Secara terminologi, pengertian muhkam dan mutsyabih di kalangan para ulama masih berbeda-beda. Imam al-Suyuti dalam Al-Itqan Fii Ulum Al-Qur’an mengemukakan delapan belas definisi. Sedangkan al-Zarqani dalam Manahil al-Irfan fi Ulumi al-Qur’an mengemukakan sebelas definisi.

Imam al-Zarqoni dalam Manahil al-Irfan-setelah mengutip pendapat-pendapat yang ada-berkomentar, semua pendapat yang dikemukakannya tidak saling bertentangan. Diantara definisi-definisi yang di kemukakan, terdapat persamaan dan kedekatan makna. Menurutnya, pendapat yang dikemukakan Imam al-Razi, bahwa muhkam adalah ayat yang menunjukkan makna yang kuat, yaitu lafal naskh dan lafal dzahir. Sedangkan mutasyabih adalah ayat yang maknanya tidak kuat, yaitu lafal mujmal (bersifat global dan memerlukan perincian), muawwal (perlu ditakwilkan untuk dipahami), musykil (maknanya sulit untuk diketahui), lebih jami’ dan mani’. Dengan demikian, tidak masuk dalam kategori muhkam, ayat atau lafal yang maknanya tersembunyi. Sebagaimana tidak masuk dalam kategori mutasyabih, ayat atau lafadz yang maknanya jelas.

Terlepas dari banyaknya perbedaan pendapat di kalangan para ulama tafsir, definisi yang masyhur dan sering digunakan adalah, ayat-ayat muhkam adalah ayat yang mudah diketahui maksudnya. Sedangkan mutasyabih, hanyalah diketahui maksudnya oleh Allah sendiri.
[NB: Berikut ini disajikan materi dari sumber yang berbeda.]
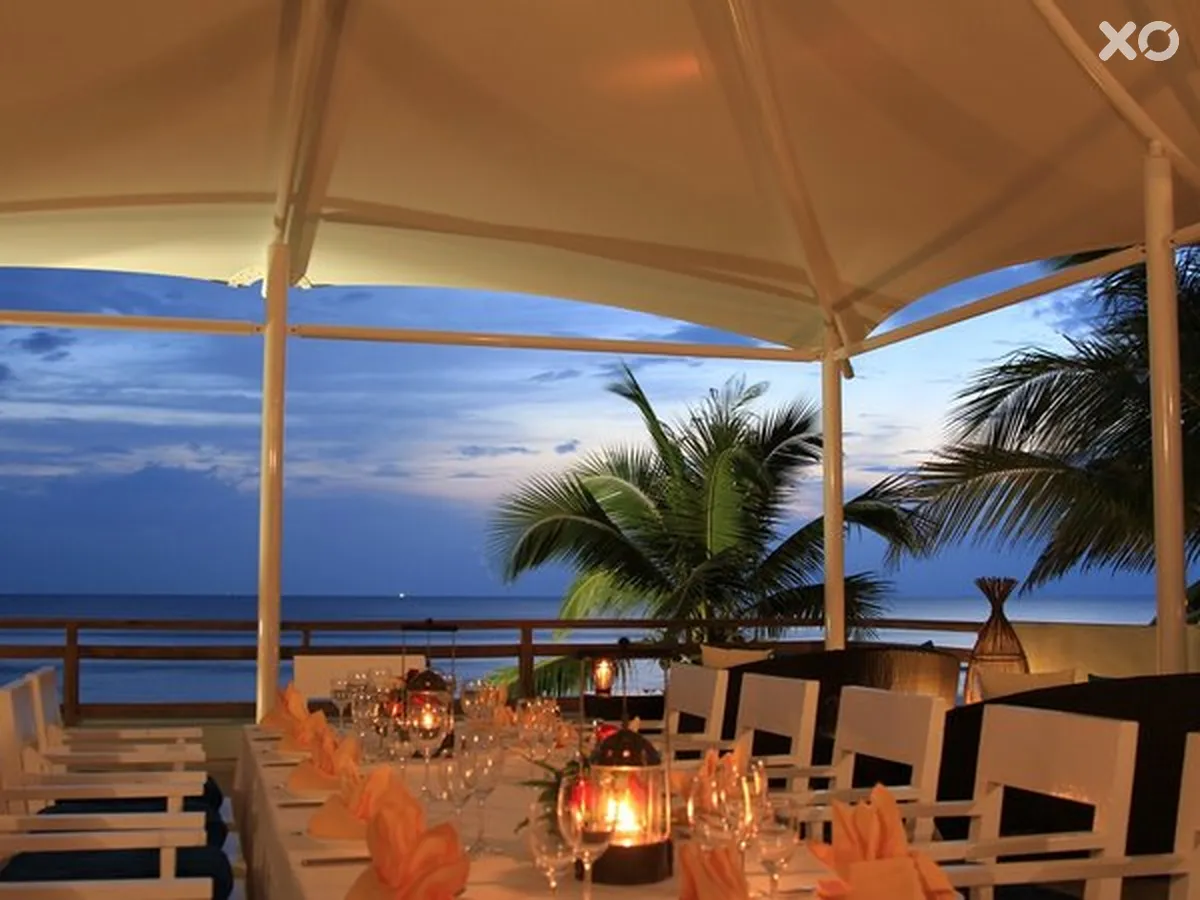 Apsara Beachfront Resort & Villa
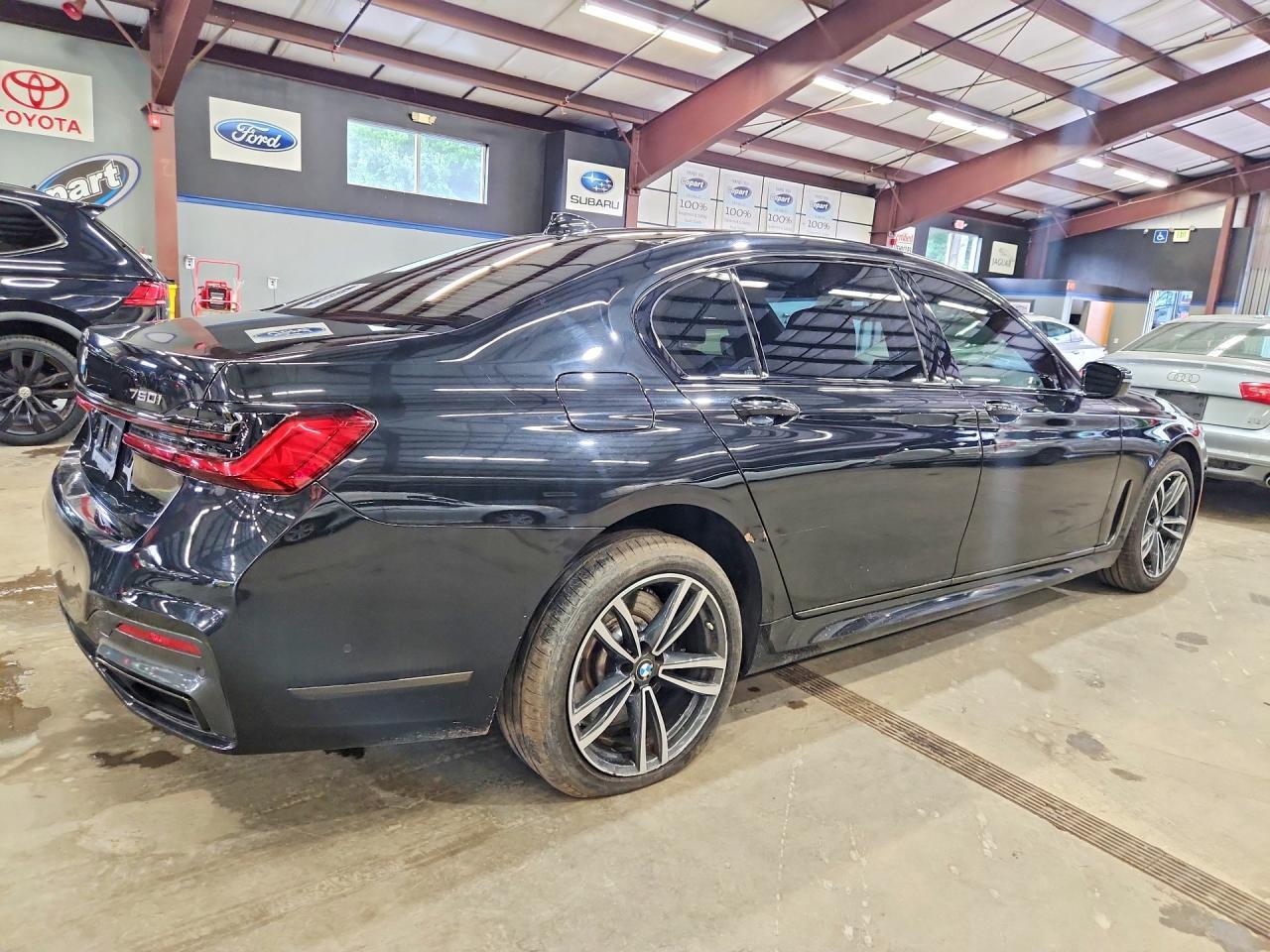 2021 BMW 750 Xi - zdjęcie 3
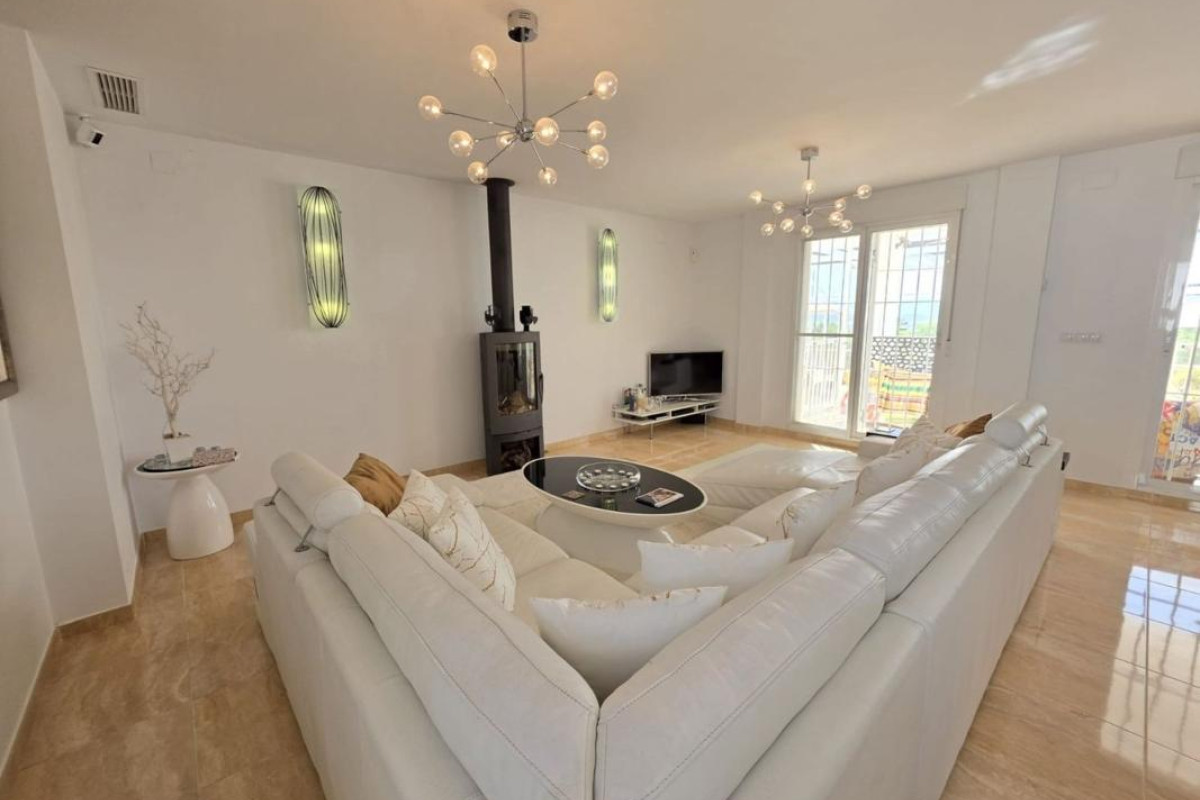 Resale - Villa - Pinoso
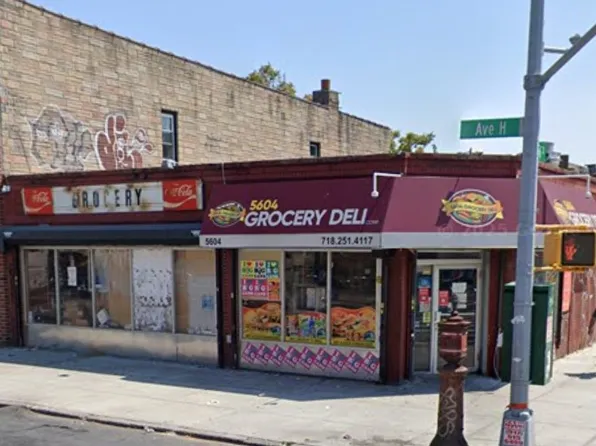 5602 Avenue H image 1 of 1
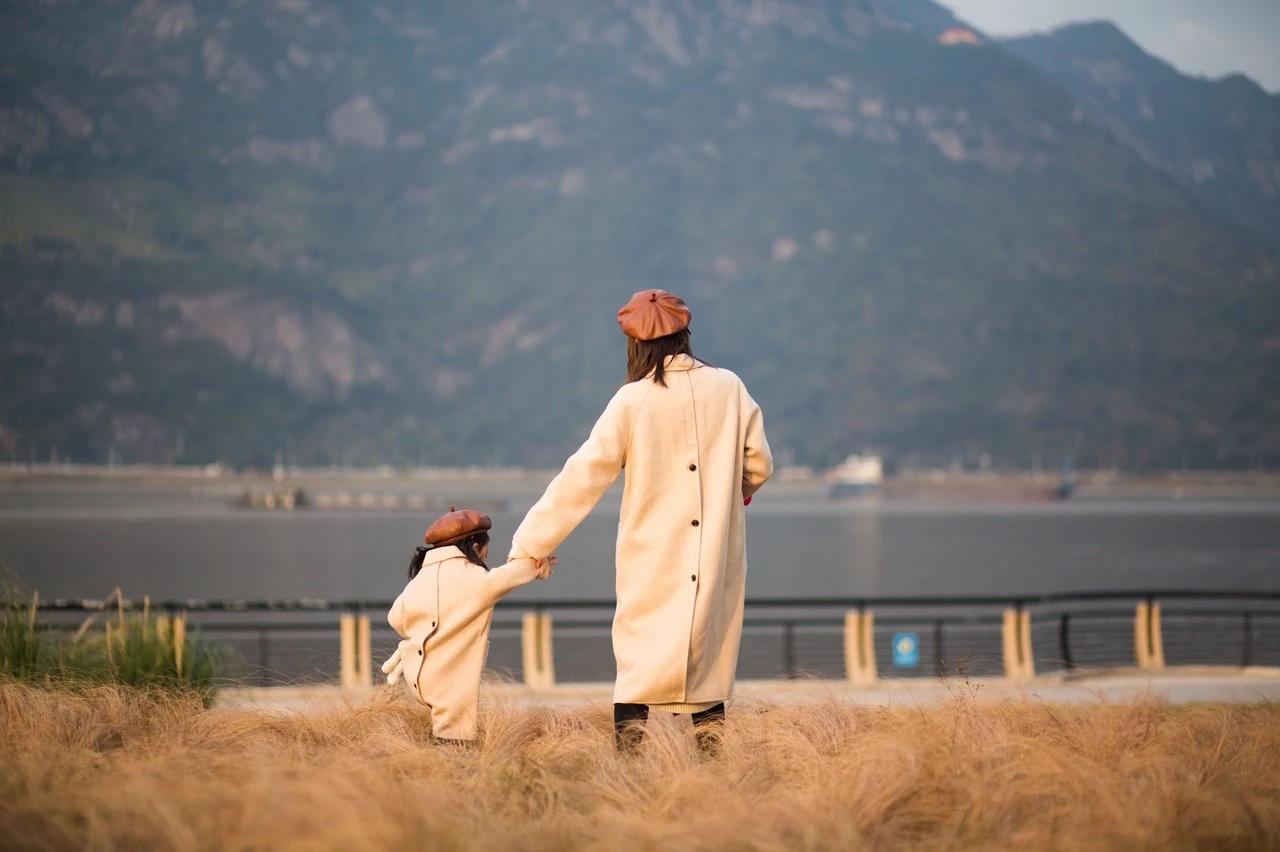 “一个好的家庭的意义，不在于多殷实、富贵，而是每一辈都竭尽所能，去托举下一代更上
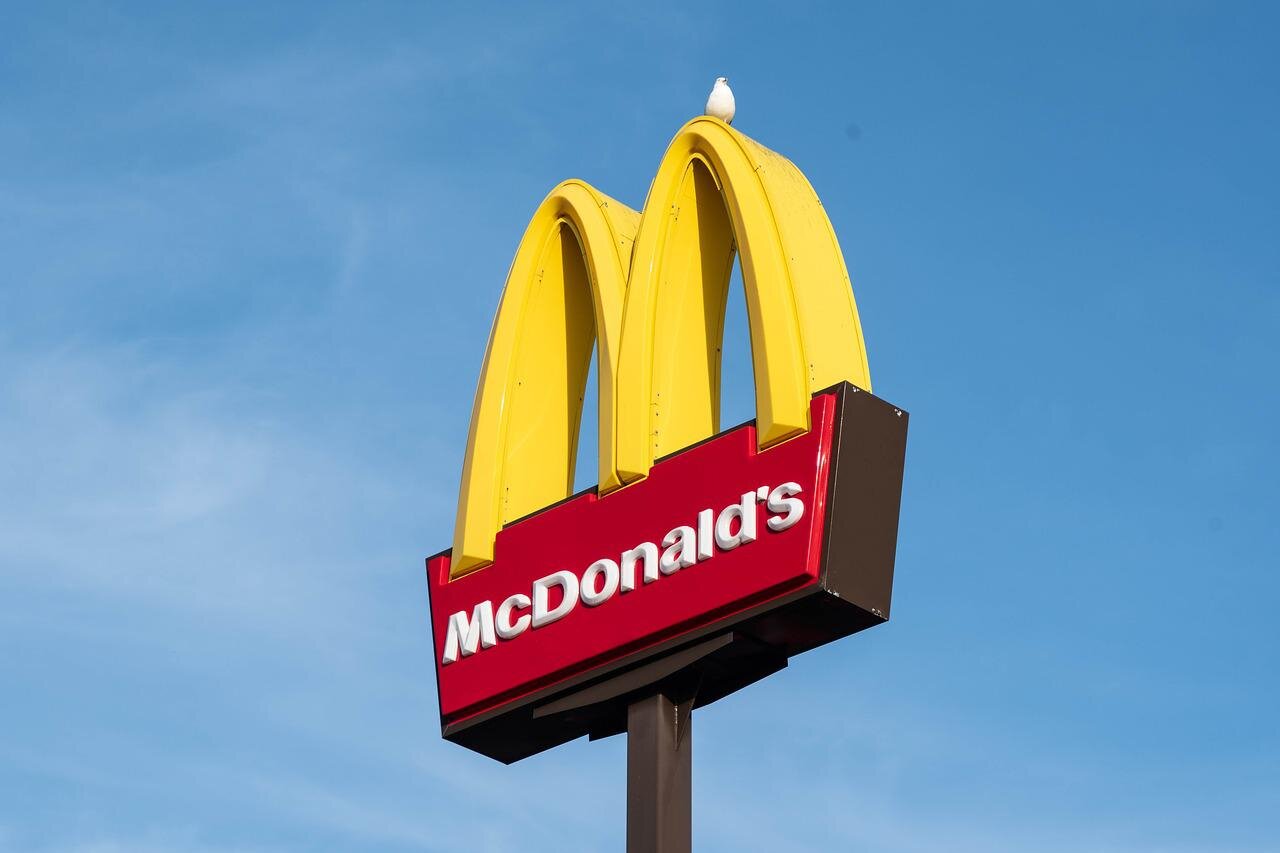 Zenginler, Ferraris, Gucci çantaları ve pahalı şampanyalarla savurganlık yaparken, McDonald's müşterilerinin paket menü yemeklere parası yetmiyor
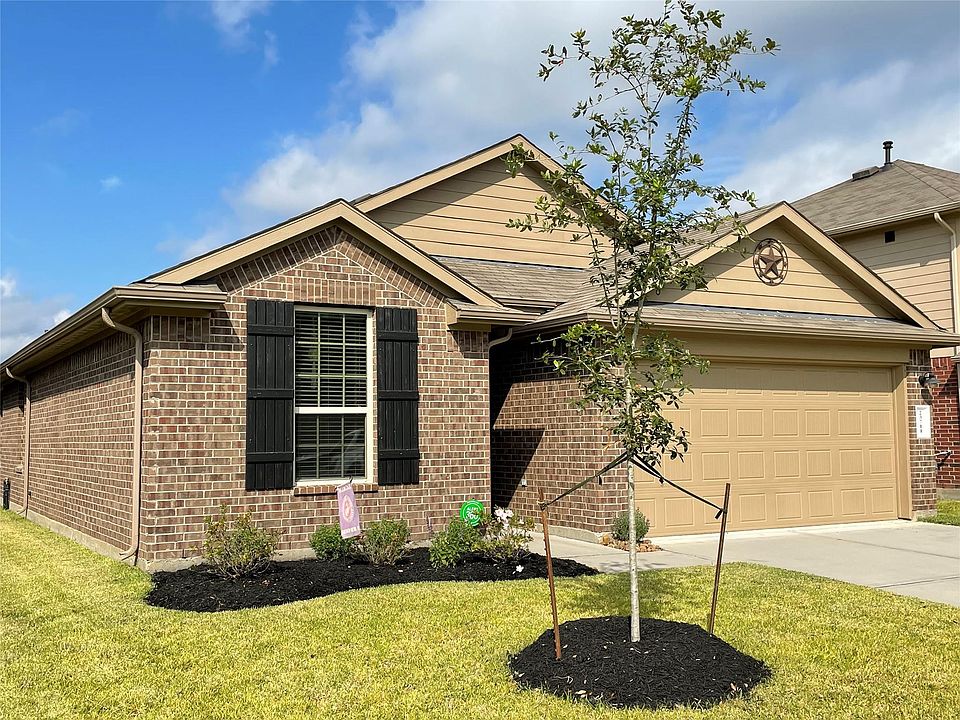 1st image of 23711 Umbrella Pine Dr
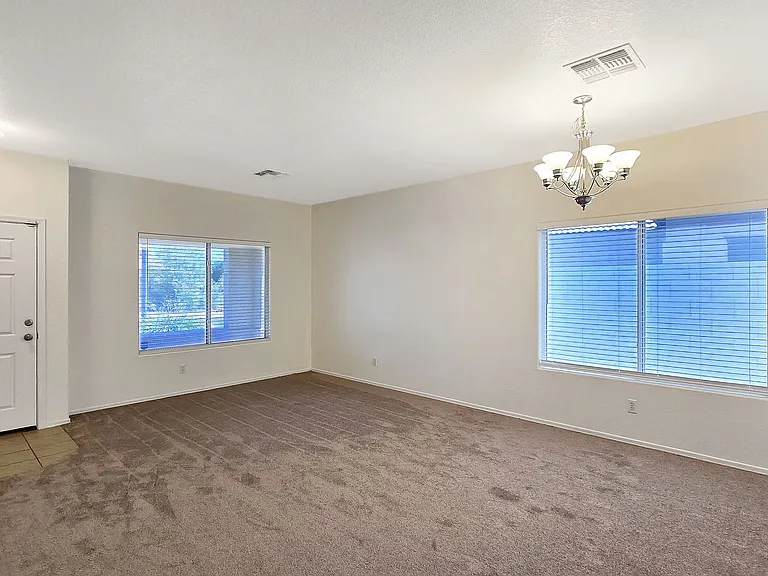 12509 W Washington St — Photo 6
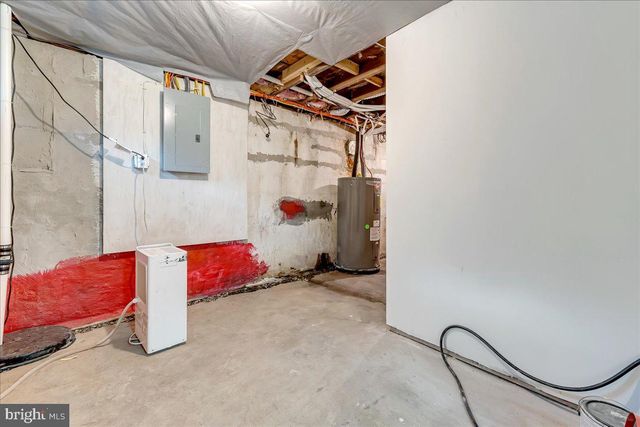 1126 PACKERTON DAM DR, Lehighton, PA 18235
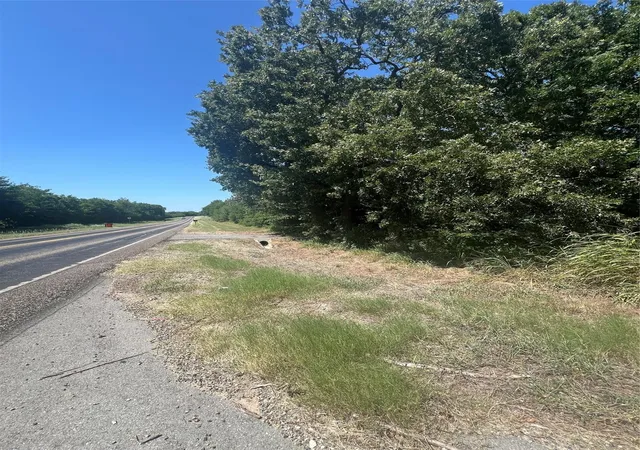 2nd image of 8899 W Fm 898, Ector, TX 75439 | MLS# 21167732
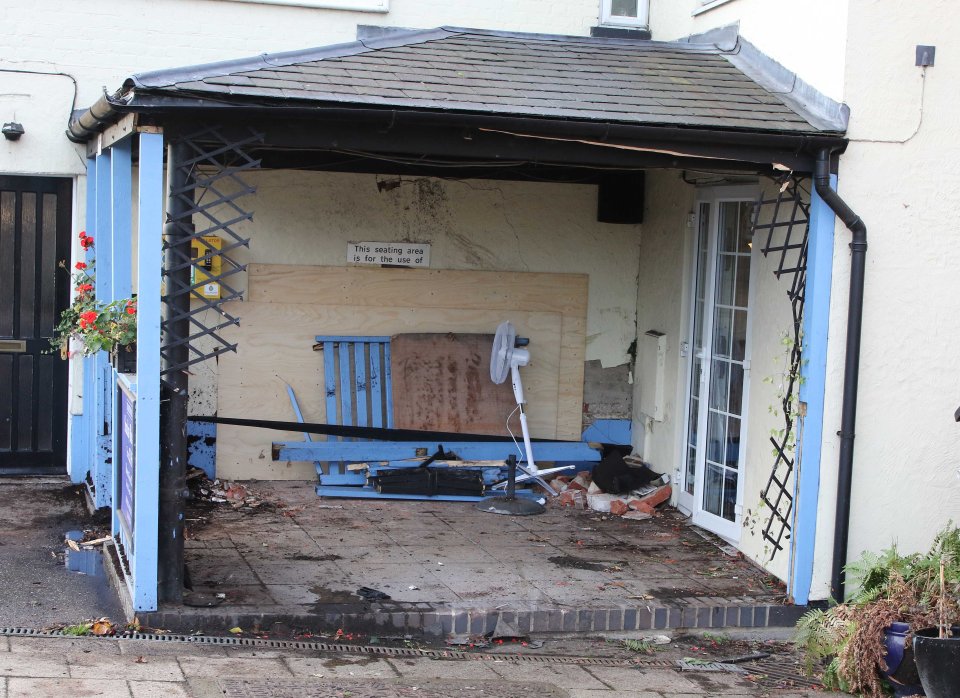  The Spinnaker pub's smoking area was packed at the time of the crash, after midnight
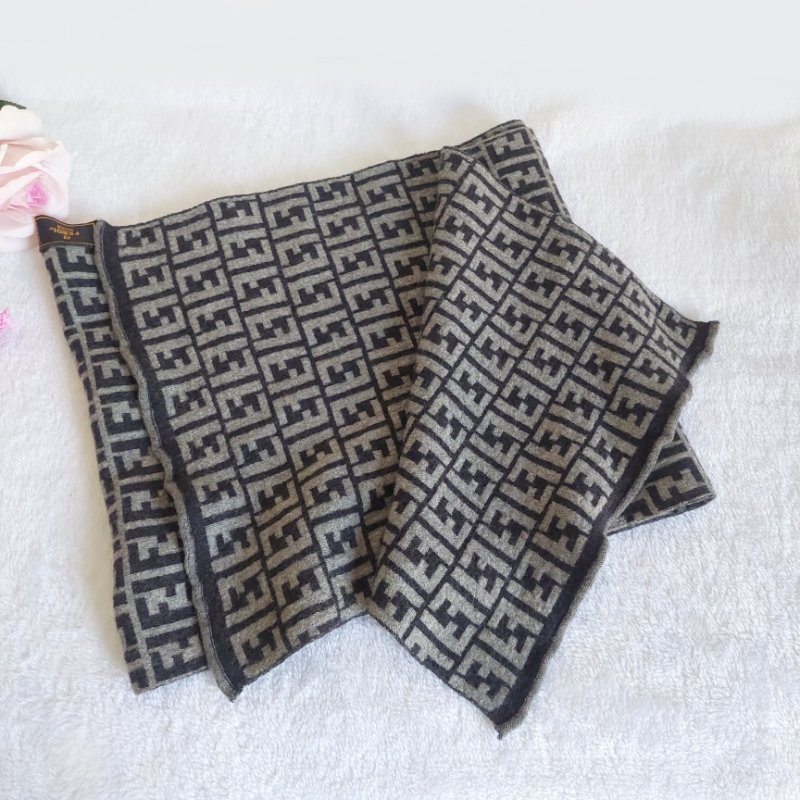 Fendi  芬迪 經典 滿版 好搭羊毛圍巾-17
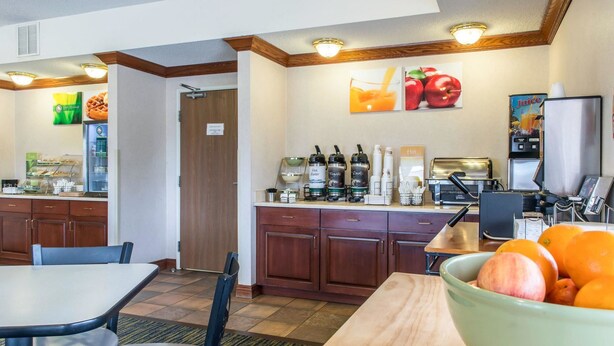 Unclassified image, 1 of 31, button - Quality Inn & Suites Titusville (Titusville)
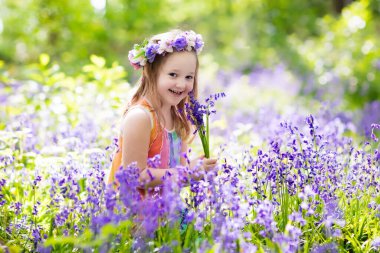 Bluebell woodland evlat. Çiçek, Bahçe aletleri ve el arabası ile çocuk. Bahçe kız. Çocuk bluebells içinde açık oyun, blue Bell'de çiçek buketi seçin. Yaz ormandaki aile eğlence.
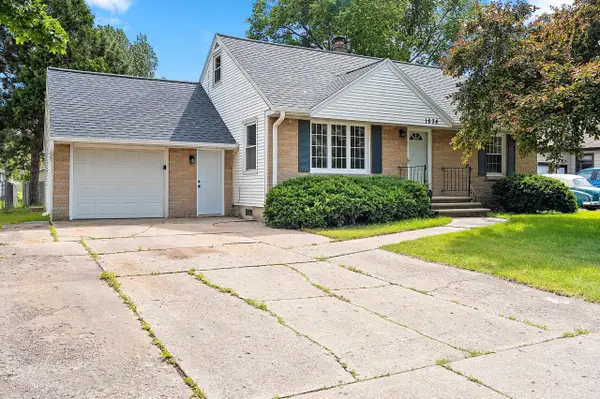 1634 Lilac Lane, GREEN BAY, WI 54302-2314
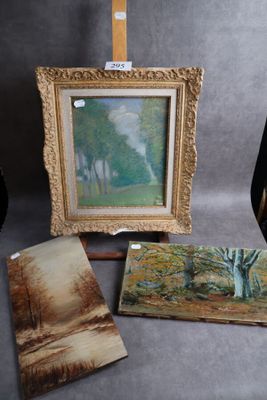 trois tableaux représentant des arbres sont exposés sur une table, à côté d'un chevalet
Permasalahan Penafsiran Terhadap Ayat Muhkamat dan Mutayabihat

Keberadaan muhkam dan mutasyabih dalam al-Qur’an kemudian menimbulkan persoalan. Yaitu, bagaimana cara berinteraksi dengan ayat-ayat muhkam dan mutasyabih?

Ayat-ayat muhkamat yang ada dalam al-Qur’an tidak memunculkan banyak persoalan. Kebanyakan ahli tafsir mempunyai kesamaan persepsi dalam persoalan ini. Akan tetapi, terkait dengan ayat-ayat mutasyabihat (khususnya ayat-ayat yang berkenaan dengan sifat-sifat Tuhan), para ahli tafsir berbeda pendapat. Pendapat pertama tidak membolehkan takwil. Menurut mereka, ayat-ayat mutasyabihat harus diterima dan dipercayai begitu saja, serta menyerahkan segala kandungan ayat kepada Allah SWT. Pendapat ini umumnya digunakan oleh para kelompok dalam menafsirkan al-Qur’an.

Sedangkan pendapat yang kedua, penggunaan takwil diperbolehkan dalam melakukan pembacaan terhadap ayat-ayat mutasyabihat. Kelompok ini mencoba melakukan takwil atas ayat-ayat mutasyabihat sesuai dengan sifat-sifat yang diterima (dari-Nya) tanpa diketahui maksudnya secara pasti, serta mencoba melakukan takwil atas ayat-ayat mutasyabihat sesuai dengan makna atau sifat-sifat yang dimaklumi manusia. Pendapat ini umumnya digunakan oleh ulama Ahlussunah Wal Jamaah.

Dalam beberapa pandangan, terjadinya perbedaan pendapat tentang cara berinteraksi dengan ayat mutasyabihat merupakan implikasi dari perbedaan pemahaman terhadap QS.Ali Imran : 7 yang memiliki dua bentuk bacaan (qira’at). Ada yang menetapkan waqaf pada lafal “…ilalLah…” dan ada yang menetapkan waqaf pada lafal “…fil ilmi…” yang kemudian mempengaruhi dalam pemaknaan ayat.

Wallahu A'lam.

Maraji':

1. Al-Zarqani, Manahil al Irfan fi Ulumil al Quran.

2. Al-Suyuthi, Al-Itqan Fii Ulum Al-Qur’an.